Glutamate is found in a variety of foods around the world, including tomatoes and other vegetables, fermented foods such as cheese, miso, soy sauce, and fish sauce, inosinate in meat and fish, and guanylate in dried mushrooms and vegetables, but for a long time the existence of the taste known as umami caused by umami substances went unnoticed in the West. In the 1980s, physiological researchers around the world began to research the physiological effects of umami substances, which led to increased interest in umami substances around the world, and in 2002, the existence of umami receptors in the human tongue was discovered, finally bringing worldwide recognition that umami is the fifth basic taste.

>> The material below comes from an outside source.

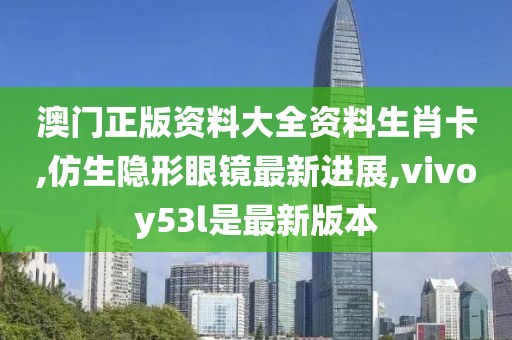 澳门正版资料大全资料生肖卡,仿生隐形眼镜最新进展,vivoy53l是最新版本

Furthermore, in December 2013, "Washoku: Traditional Japanese Food Culture" was registered as an Intangible Cultural Heritage by UNESCO, and one of its features is that it allows for a diet low in animal fats through the skillful use of ingredients containing umami substances. With the rise in health consciousness, washoku has now attracted attention from all over the world, and umami has become an international term, attracting great interest from people in various fields related to food, such as taste researchers, nutritionists, food journalists, and chefs from around the world, and umami is also often featured in Western media and on the Internet.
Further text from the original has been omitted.